教材是课程改革与发展的先导，也是落实课程标准的载体．在高中数学教材中，几何和代数主线具有重要地位，向量作为沟通几何与代数的桥梁是其重要组成部分．因此，在新的课程标准的背景下，教材中的向量内容是一个非常值得研究的问题．

本学位论文从高观点下教材的内容、教材的结构以及学生在向量几何代数属性测试题的学业成绩表现三个维度出发，采用比较研究、测量研究、相关性分析等方法对教材进行综合研究，并给出了具体的教材编写建议和实例．

在高观点下教材内容方面，本文保持了向量历史发展的原始内容，并与高中教材进行紧密结合. 结果显示：目前教材内容主要以古典数学时期的向量内容为主，没有与现代数学中向量空间定义下的向量内容进行融合，忽视向量内容中公理化和结构化的数学思想.

在教材结构方面，北师大版与人教版教材的核心知识的解释结构模型显示：两个版本的教材的基础层级结构相同，核心知识层级都是向量的运算，向量投影知识均出现在数量积知识之后，并且重视利用数量积计算投影．从总体上看，北师大版重视向量代数与几何之间的联系，而人教版重视向量的代数运算. 

在相关性分析方面，除了采用皮尔逊相关性分析研究学生在向量几何和代数属性上学业成绩表现的相关性外，本文还创造性地使用了广义相关测量．结果显示：学生在几何和代数属性上的学业成绩表现具有很强的正相关关系，学生在代数属性上的学业成绩表现对其在几何属性上的学业成绩表现影响更大．这表明，在教材编写过程中，应该适当地重视向量知识代数思想的传递．

基于以上研究结果，本文主要从向量的定义、有向线段与有序实数组关系的建立、向量投影与向量数量积的定义三方面给出了教材编写的意见以及相应的教材实例．

Textbooks are the forerunners of curriculum reform and development, as well as the carrier of the implementation of curriculum standards.
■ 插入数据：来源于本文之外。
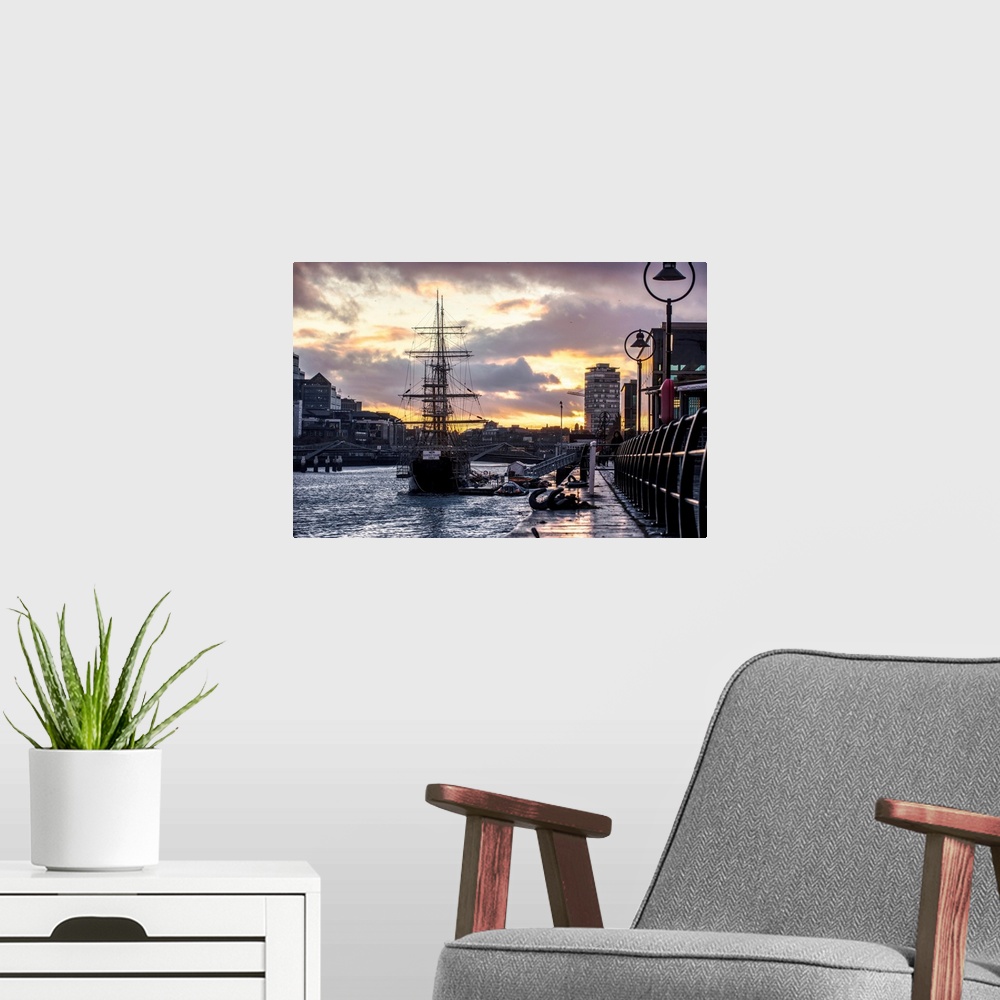 A modern room featuring View of Jeanie Johnston tall ship docked in Dublin, Ireland as the sun is setting.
Geometry and algebraic mainlines play an important role in high school mathematics textbooks, and vector are an important part of communicating geometry and algebra. Therefore, in the context of the new curriculum standards, vector content in the textbook is a very worthy of study.

Starting from the content of the teaching material from an advanced standpoint, the structure of the textbook and the academic performance of the students in the vector geometric algebraic attribute test question, this degree thesis makes a comprehensive study of the textbook by means of comparative research, measurement research, correlation analysis, etc., and gives some specific suggestions and examples for the preparation of the textbook.

In terms of textbook content from an advanced standpoint, this study maintains the original content of vector historical development and closely integrates with high school textbooks. The results show that the content of textbook is mainly vector content in classical mathematics period, which is not integrated with vector content under the definition of vector space in modern mathematics, and neglects the mathematical thought of axiom and structure in vector content.

In terms of the structure of textbooks, the interpretation structure model of the core knowledge of textbooks of Beijing Normal University’s edition and PEP’s edition shows that the basic hierarchy of the two versions of the textbook is the same, the core knowledge hierarchy is the operation of vector. The knowledge of vector projection appears after the knowledge of scalar product, and attaches great important to calculating the projection by scalar product. Generally speaking, the BNU’s Edition attaches great importance to the connection between vector algebra and geometry, while the PEP’s attaches great importance to the algebraic operation of vector.

In terms of correlation analysis, in addition to using Pearson correlation analysis to study the correlation between students' academic performance in vector geometry and algebraic properties, the study also creatively uses generalized correlation measurement. The results show that there is a strong positive correlation between students' academic performance in geometry and algebra, and students' academic performance in algebra has a greater impact on their academic performance in geometry. This shows that in the course of textbook compilation, we should pay proper attention to the transmission of vector knowledge algebraic thought.

Based on the above research results, this study mainly gives the opinions of textbook writing and the corresponding examples from three aspects, those are the definition of vector, the establishment of the relationship between directed segment and ordered real numbers set, vector projection and the definition of scalar product.